Our trip to Argentina was suggested by our friend Norberto, who is a native of that country. He visits Argentina frequently, and was excited by the prospect of showing us around. Norberto used to be in the travel business, so he takes extreme pride in finding airline and lodging deals. We let him poke around on the Internet for a few days, and he proposed the following scenario:

He and I would drive to Miami with the kids and the luggage late on a Thursday night, arriving in the wee hours of the morning. On Friday morning we would fly from Miami to Panama, change planes, and fly from Panama to Buenos Aires, arriving in the early evening on Friday. The wives would fly down from Orlando on Saturday afternoon, arriving very early on Sunday morning.

Norberto had arranged for two furnished apartments in Buenos Aires. Because the Argentine peso is valued at 3 to 1 versus the dollar, the accommodations were incredibly cheap. A week in a furnished apartment in Buenos Aires costs about the same as a nice hotel for one night in New York.

So at 11:30 pm on Thursday, we piled into a rented van and hit the Florida Turnpike. Within half an hour I realized the flaw in the plan. We would never make it to Buenos Aires, because we would all be crushed or burned to death in a horrible traffic accident. Norberto is a judge, and like many judges, considers himself basically immune from prosecution for all but capital crimes. He drove 95 miles an hour the entire way. The 4-hour drive to Miami was over in 2 and a half hours. I left claw marks in the foam padding of the dashboard, and ground half a gram of calcium off the crowns of my teeth during the ride.

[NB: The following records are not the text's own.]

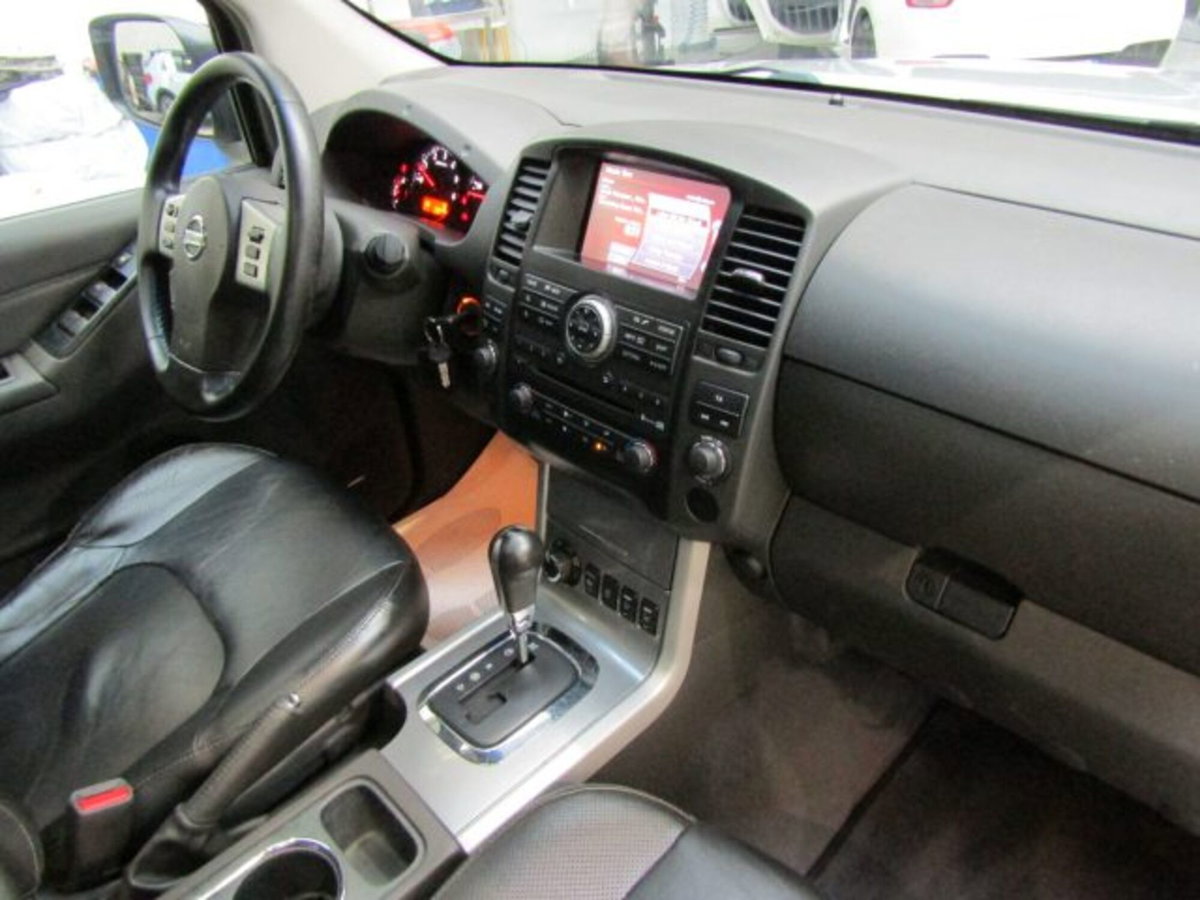 Nissan Navara 3.0 dCi 4 porte Double Cab LE V6 (17)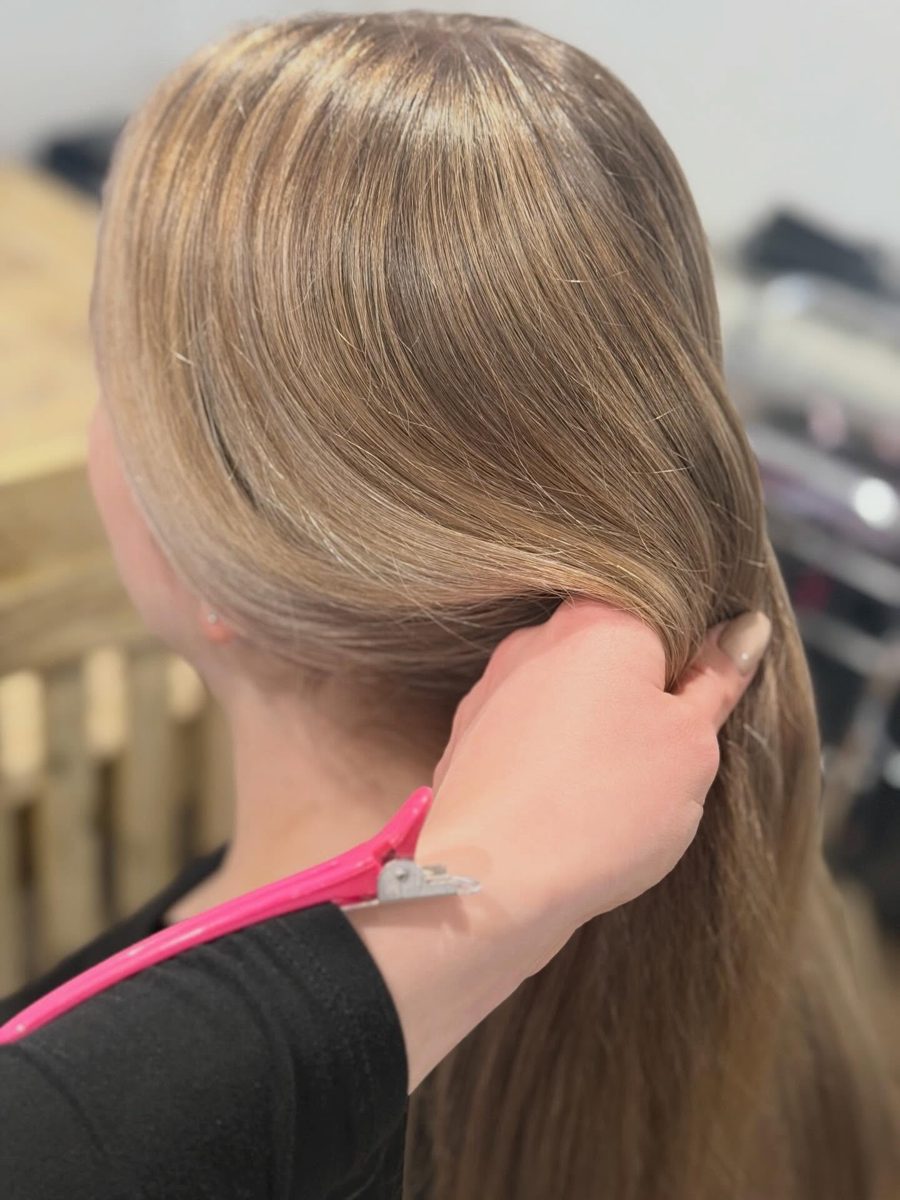 Kühles Blond mit Strähnen
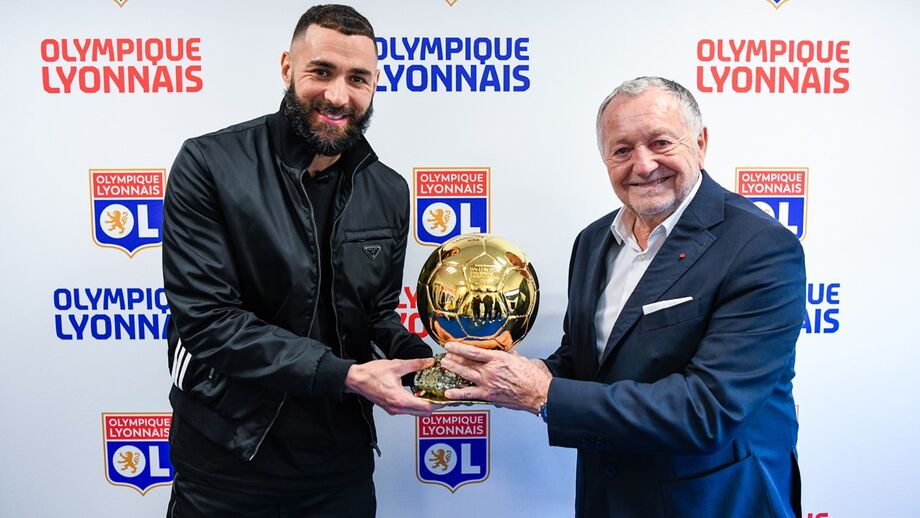 Benzema com Jean-Michel Aulas, presidente do Lyon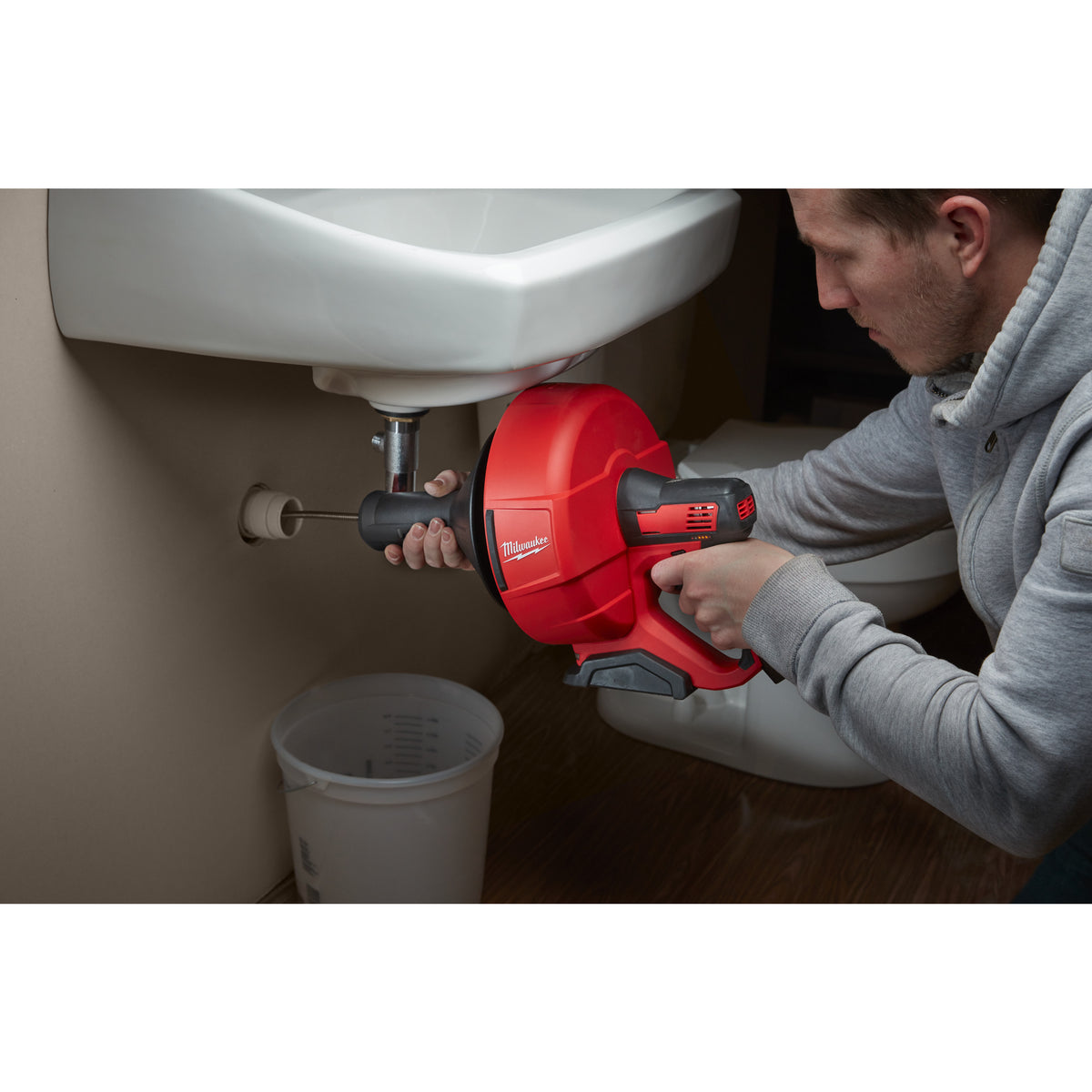 Milwaukee Desatascadora M12™, alimentación manual, espiral de 6mm, longitud del cable 7,6m M12BDC6-202C — imagen 3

We were first in line at the airline counter when it opened for business at 4:00 am, where Norberto argued in Spanish with the desk agent for half an hour to get the seats he wanted. I must admit, it worked. I sat in an exit aisle and had plenty of leg room.

The 2 and a half hour flight to Panama was uneventful, other than the argument Norberto had in Spanish with the gate agent in Panama to ensure that we got the seats he wanted. Once again, Norberto came through, and I enjoyed the same exit aisle seat for the 7-hour flight to Buenos Aires.

When we arrived, we were met by his cousin, who is also named Norberto. Norberto number two helped us load our luggage into the car, then drove us on a picturesque route through the evening streets of Buenos Aires, at approximately 95 miles an hour.

We wove in terrifying patterns through the traffic, occasionally occupying a lane with another vehicle. We were never farther than 6 inches from another car, bus or truck. Norberto flicked his headlights and tooted his horn at random intervals, made casual conversation in broken English, careened recklessly through intersections, pointed out historic landmarks, and steered with his knees while lighting a cigarette. When we arrived at our apartment, I was a whimpering wreck. For 10 hours I had been hurtling through the atmosphere at half the speed of sound, but I was never so terrified as I was when riding in a car with either Norberto behind the wheel.